I think the biggest…the efficacy, phenomenal, again, but the other big things to really watch out for, though, will be how we apply it in the real world, and again, having a specialist to help you with this. The infection rate, so the infection rate was over 90 percent as well, and about 53 percent had grade 3 to 4 infections, meaning that they ended up in the hospital, or were getting IV antibiotics, so not just a simple cold or anything like that.
And so, everybody started getting IVIG. There were, unfortunately, deaths on the, on the study initially because of COVID, and when patients weren’t getting IVIG. When everybody started getting IVIG, patients had a lower risk of death from infections, but really the supportive care is really important with these bispecifics.

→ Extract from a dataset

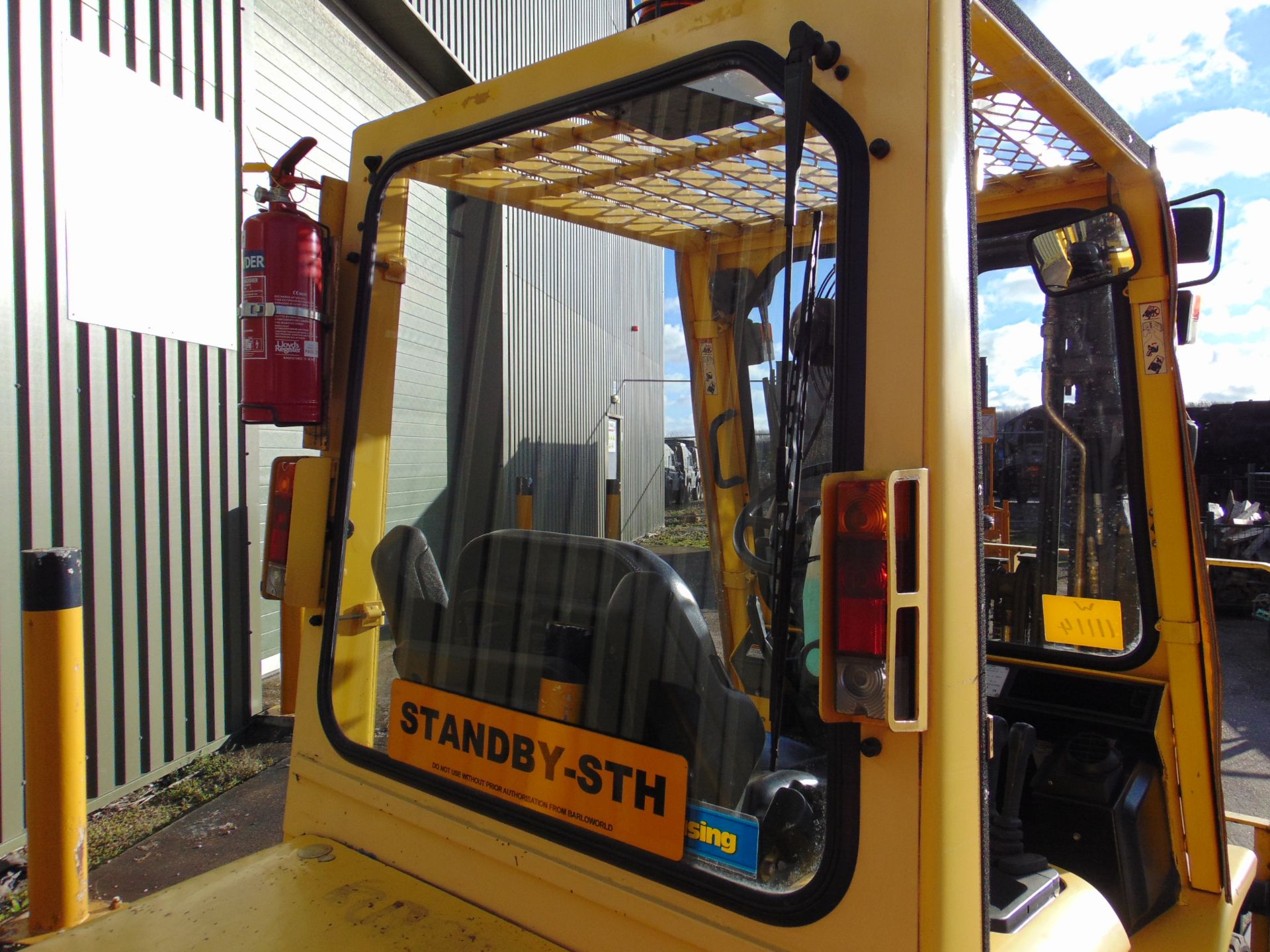 Hyster H2.50XM Counter Balance Diesel Forklift ONLY 5,762 HOURS! - Image 7 of 22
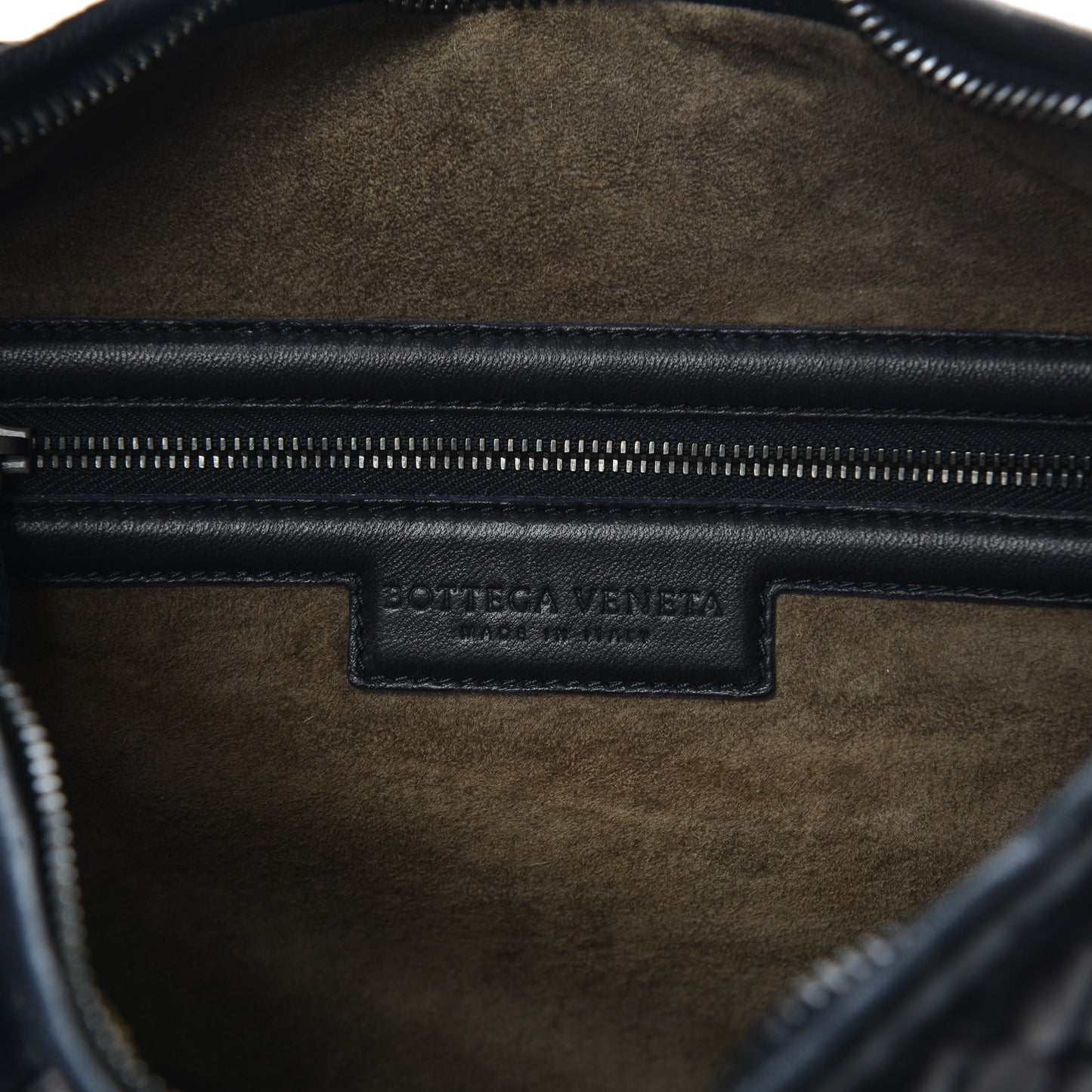 Nappa Intrecciato Medium Veneta Hobo Navy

And again, I think in the future, it’s going to be interesting. You know, I told people that for my patients, we started giving this, if I can get it approved as of right now after CAR T, or after they’ve had other cell therapies. And, so far, again, it’s early, but they’re doing well, but really the…prophylaxis and the supportive care you need is really important.
So the IVIG, making sure you’re not only on, you know, anti-shingles, or varicella treatments like valacyclovir (Valtrex), but also on anti-PJP prophylaxis continuously, something like sulfamethoxazole/trimethoprim (Bactrim) or atovaquone (Mepron) or something else, but…really, all of the supportive care is just as important as the treatment to make sure you don’t get side effects. But again, a great option for folks who don’t go to CAR T, or for after CAR T.
Lisa Hatfield:
And then, was that trial, was it looking at a limited duration of daratumumab and teclistamab, or is this ongoing until progression?
Dr. Krina K. Patel:
It is continuous. So that’s one of my biggest takeaways, too, is that…in the real world, I will stop it or go to every 3 months. They did go to monthly after a while, but even monthly is still a lot in terms of your, hitting your immune system. So, I do believe that there’s other companies that are trying to do limited or the real world. We’re doing a lot of limited duration-type studies, because again, we want patients to be able to come off all of this and kind of get their immune systems back. I think the CELMoDs are going to be great to try to bring it back, but again, letting your body just rest will also help, and maybe help a little faster.
Lisa Hatfield:
Yeah, well, great. Thank you for explaining that. That’s really important information, too.